━━━━━ DATA RECORDS

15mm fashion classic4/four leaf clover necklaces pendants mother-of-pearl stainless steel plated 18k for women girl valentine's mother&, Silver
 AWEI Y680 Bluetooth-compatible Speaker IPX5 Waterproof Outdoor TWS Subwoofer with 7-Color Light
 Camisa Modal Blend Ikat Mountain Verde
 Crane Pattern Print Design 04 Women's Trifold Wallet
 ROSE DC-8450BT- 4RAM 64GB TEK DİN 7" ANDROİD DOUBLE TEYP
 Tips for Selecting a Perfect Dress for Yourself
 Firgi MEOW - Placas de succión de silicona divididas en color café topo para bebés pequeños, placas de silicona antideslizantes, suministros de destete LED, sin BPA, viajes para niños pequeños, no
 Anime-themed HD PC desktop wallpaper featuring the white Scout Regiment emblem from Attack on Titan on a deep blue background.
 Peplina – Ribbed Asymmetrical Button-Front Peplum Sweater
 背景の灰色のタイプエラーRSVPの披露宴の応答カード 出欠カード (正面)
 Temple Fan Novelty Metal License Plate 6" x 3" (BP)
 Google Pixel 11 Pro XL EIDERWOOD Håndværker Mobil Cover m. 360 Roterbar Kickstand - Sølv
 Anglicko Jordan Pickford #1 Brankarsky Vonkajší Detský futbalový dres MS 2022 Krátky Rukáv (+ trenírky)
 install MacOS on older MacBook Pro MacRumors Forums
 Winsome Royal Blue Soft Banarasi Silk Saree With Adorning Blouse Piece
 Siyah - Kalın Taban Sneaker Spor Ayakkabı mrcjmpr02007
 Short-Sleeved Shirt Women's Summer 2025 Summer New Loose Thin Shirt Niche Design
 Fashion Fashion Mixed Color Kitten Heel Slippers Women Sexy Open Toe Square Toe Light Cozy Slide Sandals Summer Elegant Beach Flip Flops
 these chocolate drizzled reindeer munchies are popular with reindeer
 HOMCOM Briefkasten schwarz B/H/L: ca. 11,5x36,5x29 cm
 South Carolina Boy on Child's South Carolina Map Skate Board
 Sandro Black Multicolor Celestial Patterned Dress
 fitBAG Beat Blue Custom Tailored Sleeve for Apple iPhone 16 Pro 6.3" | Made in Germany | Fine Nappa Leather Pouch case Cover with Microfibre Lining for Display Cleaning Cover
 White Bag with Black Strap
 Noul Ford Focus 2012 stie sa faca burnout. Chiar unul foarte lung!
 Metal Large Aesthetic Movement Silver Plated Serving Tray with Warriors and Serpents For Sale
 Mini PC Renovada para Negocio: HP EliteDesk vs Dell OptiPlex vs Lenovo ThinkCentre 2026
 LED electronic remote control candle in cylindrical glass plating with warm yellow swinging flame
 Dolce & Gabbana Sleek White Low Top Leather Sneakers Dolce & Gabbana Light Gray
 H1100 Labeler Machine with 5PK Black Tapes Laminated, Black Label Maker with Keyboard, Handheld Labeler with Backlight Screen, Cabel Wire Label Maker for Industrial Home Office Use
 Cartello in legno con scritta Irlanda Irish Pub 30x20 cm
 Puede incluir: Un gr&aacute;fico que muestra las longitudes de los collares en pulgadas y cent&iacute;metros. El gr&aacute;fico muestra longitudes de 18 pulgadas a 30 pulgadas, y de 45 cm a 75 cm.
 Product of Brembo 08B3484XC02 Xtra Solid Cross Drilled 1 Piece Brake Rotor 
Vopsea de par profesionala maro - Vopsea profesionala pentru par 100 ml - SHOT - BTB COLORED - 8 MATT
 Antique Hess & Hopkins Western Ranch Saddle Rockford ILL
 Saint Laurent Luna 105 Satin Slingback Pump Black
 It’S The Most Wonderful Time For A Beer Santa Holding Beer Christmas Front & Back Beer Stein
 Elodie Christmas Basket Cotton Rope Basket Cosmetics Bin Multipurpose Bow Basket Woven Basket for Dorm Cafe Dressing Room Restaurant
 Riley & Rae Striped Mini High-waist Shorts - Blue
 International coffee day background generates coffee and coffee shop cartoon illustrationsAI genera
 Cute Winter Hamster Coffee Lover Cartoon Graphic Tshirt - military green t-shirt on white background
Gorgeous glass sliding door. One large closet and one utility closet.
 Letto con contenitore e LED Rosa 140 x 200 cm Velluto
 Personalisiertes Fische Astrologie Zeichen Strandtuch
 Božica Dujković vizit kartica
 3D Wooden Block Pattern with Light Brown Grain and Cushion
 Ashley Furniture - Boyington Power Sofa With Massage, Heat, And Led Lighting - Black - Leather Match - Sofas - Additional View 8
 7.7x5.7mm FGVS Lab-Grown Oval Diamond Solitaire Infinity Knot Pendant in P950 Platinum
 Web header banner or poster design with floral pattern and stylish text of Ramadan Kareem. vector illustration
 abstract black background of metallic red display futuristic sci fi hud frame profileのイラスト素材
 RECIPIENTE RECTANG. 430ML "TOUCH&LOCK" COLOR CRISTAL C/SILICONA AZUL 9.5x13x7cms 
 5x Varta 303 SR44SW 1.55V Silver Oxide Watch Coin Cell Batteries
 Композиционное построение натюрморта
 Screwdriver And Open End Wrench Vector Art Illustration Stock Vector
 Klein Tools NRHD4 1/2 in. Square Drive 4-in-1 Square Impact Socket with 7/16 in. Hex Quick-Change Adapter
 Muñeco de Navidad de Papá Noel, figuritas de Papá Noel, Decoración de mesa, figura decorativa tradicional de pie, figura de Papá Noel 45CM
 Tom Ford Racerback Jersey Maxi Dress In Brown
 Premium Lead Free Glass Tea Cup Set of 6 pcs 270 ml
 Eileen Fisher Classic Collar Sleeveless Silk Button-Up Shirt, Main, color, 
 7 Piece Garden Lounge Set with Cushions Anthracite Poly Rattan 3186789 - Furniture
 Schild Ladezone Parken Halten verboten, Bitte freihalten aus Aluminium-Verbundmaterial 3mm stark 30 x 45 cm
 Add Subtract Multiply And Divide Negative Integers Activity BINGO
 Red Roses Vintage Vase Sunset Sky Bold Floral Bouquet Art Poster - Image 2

━━━━━━━━━━

— TASK DIRECTIONS —
In the listing, how many lines include the string "para"? State the number alone.

— FINAL ANSWER —
2